Your objective
The complete listing should be transcribed precisely.

Recorded data
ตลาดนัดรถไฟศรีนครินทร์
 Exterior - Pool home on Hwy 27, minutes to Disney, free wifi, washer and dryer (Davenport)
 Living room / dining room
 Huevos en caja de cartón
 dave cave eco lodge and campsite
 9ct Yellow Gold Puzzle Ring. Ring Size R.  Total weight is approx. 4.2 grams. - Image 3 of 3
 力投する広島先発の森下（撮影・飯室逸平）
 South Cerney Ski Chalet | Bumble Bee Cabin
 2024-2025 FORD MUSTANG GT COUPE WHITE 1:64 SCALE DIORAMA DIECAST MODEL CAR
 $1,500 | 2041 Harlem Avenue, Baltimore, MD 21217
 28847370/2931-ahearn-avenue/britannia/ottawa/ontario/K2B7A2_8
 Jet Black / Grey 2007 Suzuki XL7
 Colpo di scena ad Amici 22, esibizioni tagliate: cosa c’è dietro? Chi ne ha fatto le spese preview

Response to the exercise
ตลาดนัดรถไฟศรีนครินทร์
 Exterior - Pool home on Hwy 27, minutes to Disney, free wifi, washer and dryer (Davenport)
 Living room / dining room
 Huevos en caja de cartón
 dave cave eco lodge and campsite
 9ct Yellow Gold Puzzle Ring. Ring Size R.  Total weight is approx. 4.2 grams. - Image 3 of 3
 力投する広島先発の森下（撮影・飯室逸平）
 South Cerney Ski Chalet | Bumble Bee Cabin
 2024-2025 FORD MUSTANG GT COUPE WHITE 1:64 SCALE DIORAMA DIECAST MODEL CAR
 $1,500 | 2041 Harlem Avenue, Baltimore, MD 21217
 28847370/2931-ahearn-avenue/britannia/ottawa/ontario/K2B7A2_8
 Jet Black / Grey 2007 Suzuki XL7
 Colpo di scena ad Amici 22, esibizioni tagliate: cosa c’è dietro? Chi ne ha fatto le spese preview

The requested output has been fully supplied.